• [Stored data]
::::
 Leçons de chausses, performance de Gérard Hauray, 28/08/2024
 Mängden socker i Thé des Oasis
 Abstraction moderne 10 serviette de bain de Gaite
::::
Write the listing out again so that nothing in it differs from the original.

 Leçons de chausses, performance de Gérard Hauray, 28/08/2024
 Mängden socker i Thé des Oasis
 Abstraction moderne 10 serviette de bain de Gaite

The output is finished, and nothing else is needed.